Ce scénario s’assigne pour objectif de toucher quelque 68.611 bénéficiaires à l’horizon 2027. Il porte sur l’abaissement du nombre des jours déclarés à la CNSS de 780 jours à 636 jours pendant les 36 derniers mois et de 280 jours à 212 jours au cours des 12 derniers mois. Il faudra, dans ce cas-là, augmenter les cotisations de 0,18 % et débloquer un financement supplémentaire de 232 MDH par an.Il faut dire que l’augmentation des cotisations est incontournable pour éviter tout déséquilibre financier à l’horizon 2027.
Le montant des cotisations s’ajoute au fonds d’amorçage mis en place par l’État. Jusque-là, le gouvernement a injecté quelque 254 MDH dans le fonds et compte débloquer annuellement 54 MDH. Dans le cadre de la réforme en cours de la généralisation de la protection sociale, la généralisation de l’Indemnité pour perte d’emploi nécessitera la mobilisation d’une enveloppe annuelle d’un milliard de dirhams.
En 2020, le montant dépensé est de 327,517 millions DH au profit de quelque 23.000 bénéficiaires. Le nombre de ces derniers a augmenté par rapport aux années précédentes ayant enregistré une moyenne annuelle ne dépassant pas 16.000 bénéficiaires alors que l’objectif de départ était de faire bénéficier 30.000 personnes par an. Quant à l’année en cours, elle a été marquée par une hausse considérable du nombre des bénéficiaires ,qui est passé à 93.826 (jusqu’au 14 juin) avec un montant dépassant le milliard et 256 millions DH.Le prochain gouvernement est très attendu sur ce dossier pour, non seulement, assouplir les conditions d’éligibilité à l’IPE, mais aussi augmenter le montant de l’indemnité qui est jugé modeste par les parlementaires et les partenaires sociaux. Rappelons à cet égard qu’actuellement, l’indemnité est calculée sur la base de la moyenne des 36 derniers mois précédant la date de perte d’emploi, dans la limite du plafond en vigueur. Elle ne dépasse pas 70% du salaire journalier moyen de référence, sans excéder le SMIG.

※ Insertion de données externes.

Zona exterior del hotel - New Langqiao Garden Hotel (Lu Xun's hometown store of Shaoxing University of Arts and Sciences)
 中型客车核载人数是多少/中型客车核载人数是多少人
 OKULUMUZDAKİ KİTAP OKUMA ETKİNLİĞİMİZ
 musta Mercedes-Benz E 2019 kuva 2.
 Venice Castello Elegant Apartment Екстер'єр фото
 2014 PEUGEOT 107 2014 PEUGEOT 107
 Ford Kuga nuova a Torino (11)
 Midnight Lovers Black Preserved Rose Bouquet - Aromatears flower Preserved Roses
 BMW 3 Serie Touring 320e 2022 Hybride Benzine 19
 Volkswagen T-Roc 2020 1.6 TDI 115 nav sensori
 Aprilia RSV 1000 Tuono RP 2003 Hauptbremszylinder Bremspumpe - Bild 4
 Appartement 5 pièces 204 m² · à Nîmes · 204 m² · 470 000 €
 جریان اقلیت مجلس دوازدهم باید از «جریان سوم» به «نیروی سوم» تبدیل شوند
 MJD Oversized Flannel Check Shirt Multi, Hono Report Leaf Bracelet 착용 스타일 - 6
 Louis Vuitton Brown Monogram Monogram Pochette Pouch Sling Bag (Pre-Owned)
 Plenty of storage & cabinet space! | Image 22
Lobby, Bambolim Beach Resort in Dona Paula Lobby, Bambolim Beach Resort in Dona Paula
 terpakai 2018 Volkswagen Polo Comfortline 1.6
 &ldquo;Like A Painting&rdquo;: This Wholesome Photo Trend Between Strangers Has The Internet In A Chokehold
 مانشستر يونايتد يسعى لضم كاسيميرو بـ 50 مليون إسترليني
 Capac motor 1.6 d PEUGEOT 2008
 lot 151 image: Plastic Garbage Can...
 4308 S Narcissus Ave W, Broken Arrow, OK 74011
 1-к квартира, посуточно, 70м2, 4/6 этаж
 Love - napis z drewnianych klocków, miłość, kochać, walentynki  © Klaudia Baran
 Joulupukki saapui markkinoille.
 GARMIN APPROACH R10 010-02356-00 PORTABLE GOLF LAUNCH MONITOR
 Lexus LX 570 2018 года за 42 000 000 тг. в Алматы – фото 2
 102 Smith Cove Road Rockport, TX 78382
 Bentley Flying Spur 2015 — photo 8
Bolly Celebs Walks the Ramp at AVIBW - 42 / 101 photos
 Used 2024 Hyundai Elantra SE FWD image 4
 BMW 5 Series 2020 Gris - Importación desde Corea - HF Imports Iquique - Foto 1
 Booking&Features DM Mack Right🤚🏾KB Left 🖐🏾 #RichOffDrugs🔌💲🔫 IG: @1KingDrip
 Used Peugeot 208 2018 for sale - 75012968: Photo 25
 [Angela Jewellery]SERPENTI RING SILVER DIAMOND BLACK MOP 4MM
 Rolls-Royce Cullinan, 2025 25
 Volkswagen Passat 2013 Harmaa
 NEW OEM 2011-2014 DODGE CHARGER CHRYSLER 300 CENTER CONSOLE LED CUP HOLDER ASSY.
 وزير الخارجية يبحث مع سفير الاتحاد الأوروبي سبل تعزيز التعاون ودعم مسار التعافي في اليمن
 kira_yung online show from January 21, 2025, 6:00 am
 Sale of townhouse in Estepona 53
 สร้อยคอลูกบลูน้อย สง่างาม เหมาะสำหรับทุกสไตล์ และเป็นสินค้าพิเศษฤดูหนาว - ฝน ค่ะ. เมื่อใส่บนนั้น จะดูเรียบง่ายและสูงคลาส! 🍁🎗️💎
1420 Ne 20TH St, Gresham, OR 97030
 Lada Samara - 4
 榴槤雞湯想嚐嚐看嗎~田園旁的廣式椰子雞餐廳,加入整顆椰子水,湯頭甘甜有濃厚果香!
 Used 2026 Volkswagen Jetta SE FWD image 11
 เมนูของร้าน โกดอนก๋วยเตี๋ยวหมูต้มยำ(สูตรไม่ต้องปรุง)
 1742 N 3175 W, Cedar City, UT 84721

Le montant de l’IPE a été fixé selon des paramètres préétablis suite à l’étude actuarielle effectuée à cet effet (taux et durée de cotisation). Lorsque l’IPE était à l’étude, deux autres scénarii ont été proposés dont les taux de cotisations et les montants de l’indemnité ont été élevés. Mais finalement, on a préféré jouer la carte de la prudence en choisissant le scénario le moins cher pour démarrer le projet dans la perspective de l’évaluer après trois ans de mise en œuvre.